I signed up for St. Jude Memphis Marathon on December 7th. Not only is it a flat course (yay!), but I registered as a St. Jude Hero, which means I will be raising money for St. Jude's Children's Research Hospital prior to race day! I'm really excited about participating in this. Once I receive my username and password I will be able to activate my personal fundraising website and start raising money. I'll go ahead and say you can expect lots of tweets/posts about this in the upcoming future. And I hope some of you are able to donate! These kids are the true heroes, and I want to do all I can to help them. This race will be about two things: accomplishing something I never thought I would do, and running for someone other than myself - these kids. Every other race I've ever signed up for has been all about me. This is a selfless race. I have to remind myself that no matter what kind of physical and mental pain I might go through during those 26.2 miles, it's nothing compared to what those kids have gone through - sitting in those hospital beds.






Training:

1st step: sign up.
2nd step: make a training plan. 

Luckily, I don't have to worry much about that. I'm pretty sure the only reason I'm still running, and have improved with my running, is because of my husband. He was there for my very first race (a local 10k) and from every race then on out. He ran right beside me, pacing me every mile for my first two half marathons. He is the one that has kept me running. I honestly can't say I would be a runner if it weren't for him. Plus, he makes my day-to-day training plans - no matter what it is I'm training for. Know what my plan would be if it weren't for him? Me, either.

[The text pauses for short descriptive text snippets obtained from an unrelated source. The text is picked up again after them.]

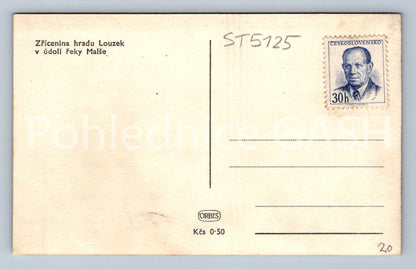 Postcard LOUZEK CASTLE RUINS (ST5125)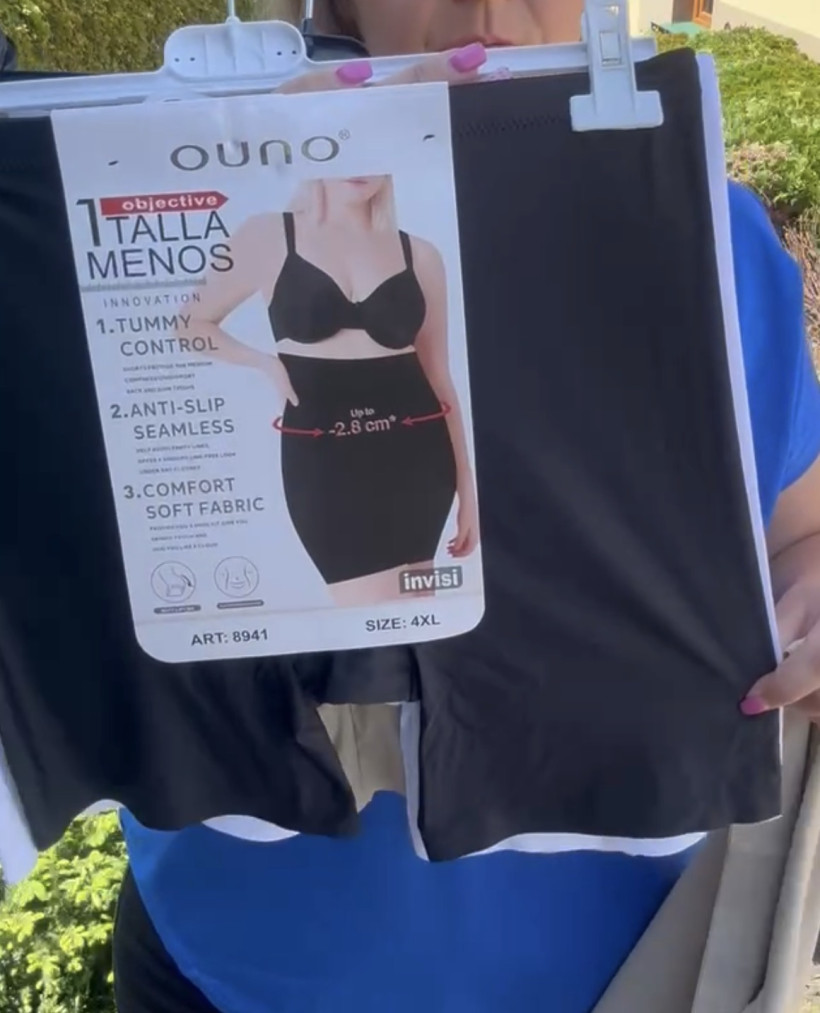 Majtki ściągające z nogawką- 3xl - 8941 - czarne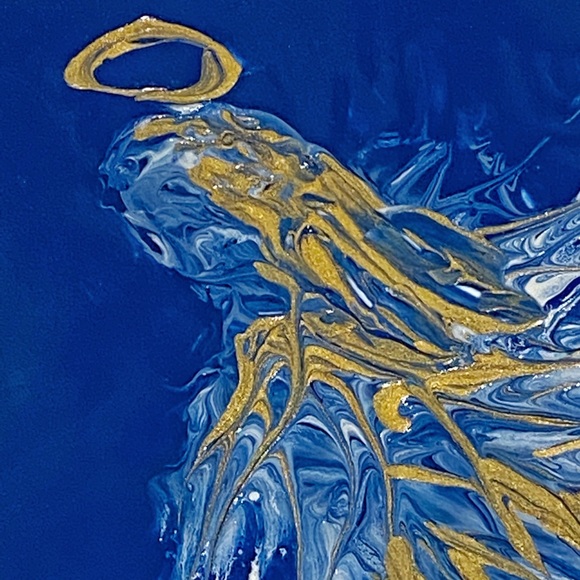 Original Hand Painted Acrylic on Tile - Picture 2 of 6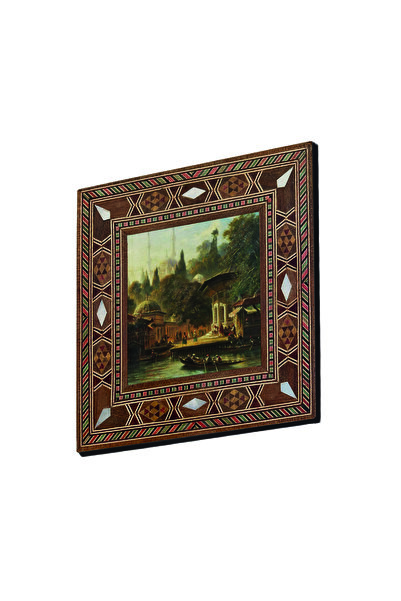 Sadrazam David Roberts – Eyüp Sultan Camii Tablosu Baskılı Görünümlü Ahşap Ma...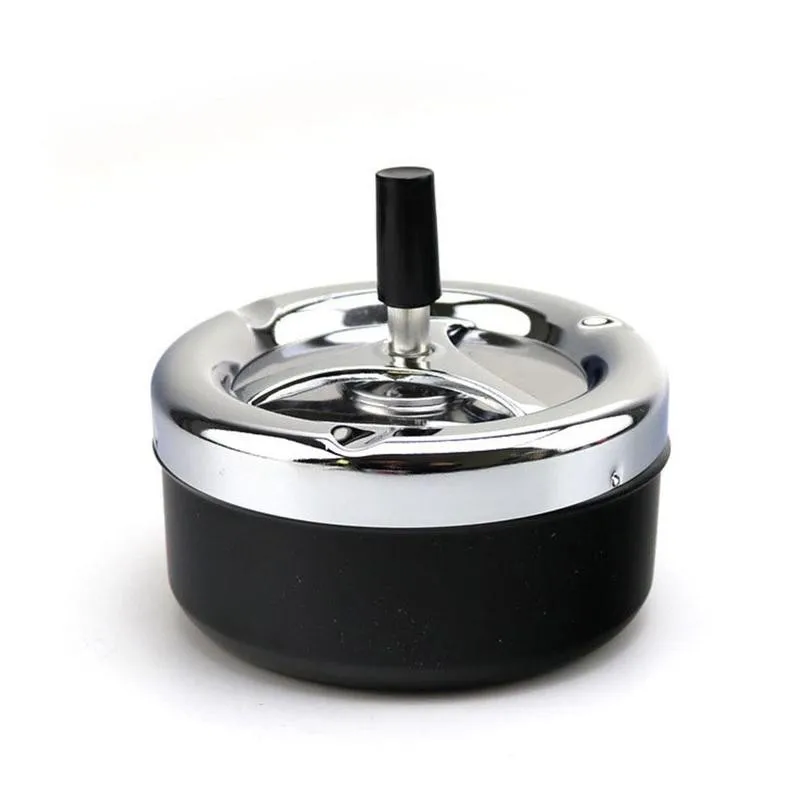 1pcs Windproof Press Rotating Lid Ashtray Metal Modern Rotating Ashtray For Men Home Office Hotel Smoker Gift
1pcs Windproof Press Rotating Lid Ashtray Metal Modern Rotating Ashtray For Men Home Office Hotel Smoker Gift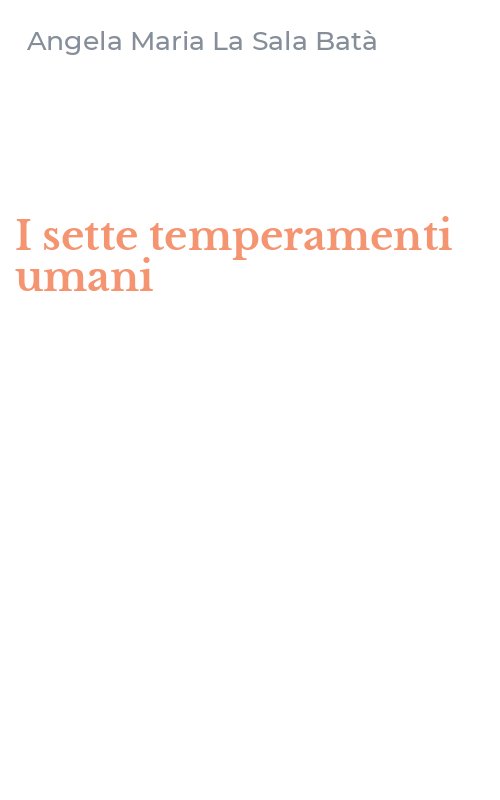 I sette temperamenti umani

Anyway, when I first thought about running a marathon I told Chris that the only way I would be able to do it was if he ran it with me. He said okay. Then I thought "Maybe I can do it on my own..." But then I realized I am much more likely to give up without him by my side than I am with him right there pushing me along. And I don't want to give up. Plus, he said he wanted to run it with me. And coming from someone as competitive as he is, that is probably the most selfless thing he's ever done. So he signed up, too :). He came through the door yesterday afternoon after work with a tentative 18 week training plan (one he had used for his first marathon) in his hand and ready to go. He's just as excited and anxious as I am, possibly more.

Even though this race is about the kids, I still want to set a goal. Chris said a good goal would be 4 hours, but depending on how my training goes, I want to try to break that.

I'm going to blog about this journey, in hopes it will inspire someone to aim high in life; to dream big and go after whatever it is they want. Don't make excuses; don't think "it's too hard," or "it'll never happen." Just do it. The first step is the hardest. Everything else will fall into place.



"Believe that you can run farther or faster. Believe that you're young enough, old enough, strong enough, and so on, to accomplish everything you want to do. Don't let worn-out beliefs stop you from moving beyond yourself.